Amy’s most scandalous kink owes a debt to The Sopranos.
In the series premiere, we learn that Amy, unhappy with both the emotional and sexual components of her marriage, likes to masturbate while holding George’s gun(*).
(*) Didn’t the playwright Anton Chekhov once declare that if your female lead masturbates with the aid of a gun in the first act, then your male lead has to get shot in the final act?
The idea for this came from one of Lee’s favorite shows.
“We were just trying to figure out the quirks of this character,” Lee explains. “She’s so repressed, she can’t share anything with anyone in her life. Where would that go and what would she enjoy for herself? We didn’t want to do something just to be risqué or crude, and we were trying to figure out what it is that she would get excited by. I knew that I wanted to have a gun in play. And I thought about that Sopranos scene where Richie and Janice are having sex and the gun’s pointed to her head. I rewatched The Sopranos quite a bit while we were writing, and I sent The Soprano Sessions(*) to every writer before we started. We tried to make it a Holy Grail/North Star. That scene is so funny and just perfectly executed. I was like, Oh, that’s kind of like Amy. We started going down that direction and it really came to life once we found the intercutting between Steven driving to her place. Because I think alone, maybe that scene wouldn’t have been as good because it’s just someone masturbating with her gun. But I think the joy of that character with her gun, while Steven is so funny and is coming to their house, it really came alive in the edit.”
(*) Author’s note: The Sopranos Sessions is a book I co-wrote.
No, Ali Wong did not really dye her hair blonde.
Amy undergoes two drastic hair makeovers over the course of the season, including a severe new cut with sharp bangs, and a period where she becomes a platinum blonde.

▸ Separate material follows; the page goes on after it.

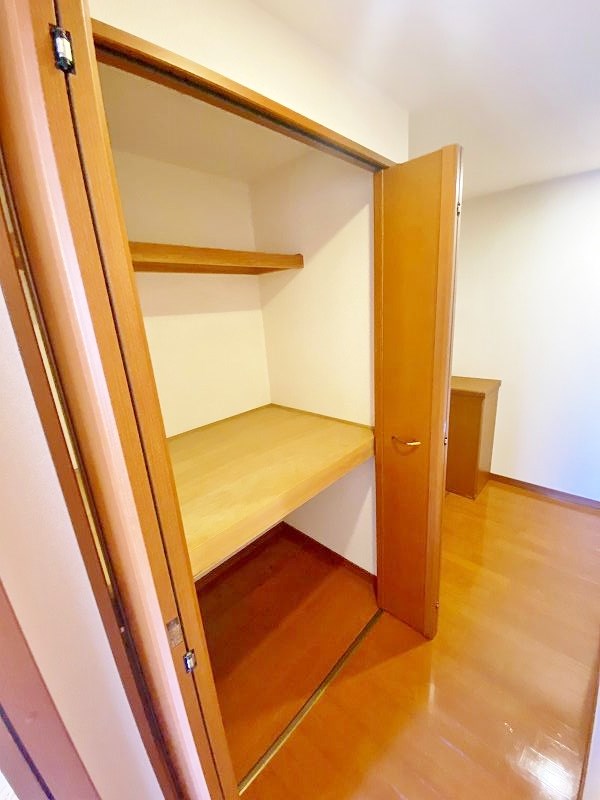 プレステージ緑ヶ丘 その他6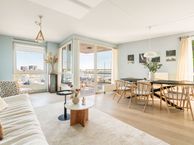 Cas Oorthuyskade 298, 1087 DP Amsterdam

In both cases, Wong wore a wig, in part because the production was block shooting — filming scenes from multiple episodes at the same time — in part because the dye job in particular would have been too difficult.

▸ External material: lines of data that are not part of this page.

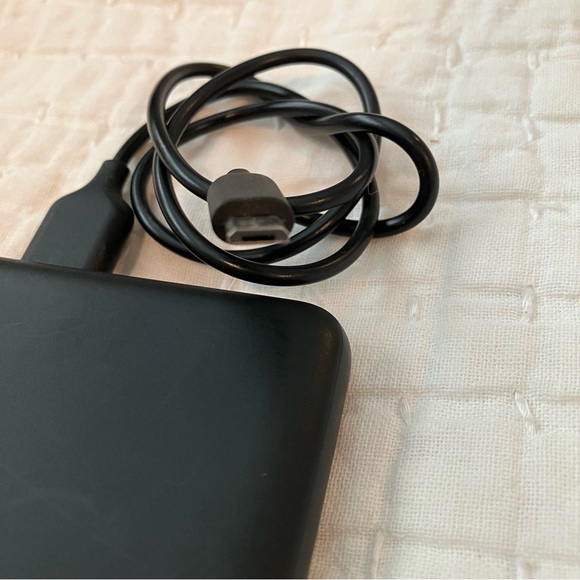 Anker Innovations Limited, powercore slim 10000 - Picture 3 of 6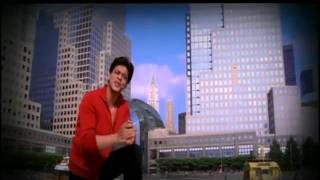 Kal Ho Naa Ho  Trailer HD [upl. by Linkoski]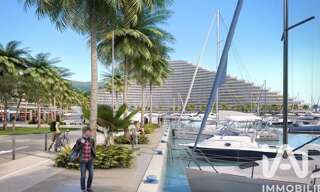 Commerce  260 m² à vendre à Villeneuve-Loubet (06270)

“I’ve never dyed my hair before, but I was willing to do it,” she says. “I did not know also that when you have jet-black hair, it’s a two to three-day process and a bunch of your hair falls out when you want to go blonde, because you have to strip your original hair of its color and you have to sit in this hair and do nothing, which is like my nightmare. But I was willing to do it. But because we were block shooting, there were days where I would have three hair changes.”
It was also a stark change from how Wong styles herself in her day job.
“When I do stand-up, I just do my own hair and makeup,” she says. “It literally takes me five minutes. I go like this [she brushes out her hair with her hands], and then I put on eyeliner and Vaseline on my lips, and that’s it. I wore the same outfit every single time. So, it was wild for me to do all of those hair changes, but I loved it.”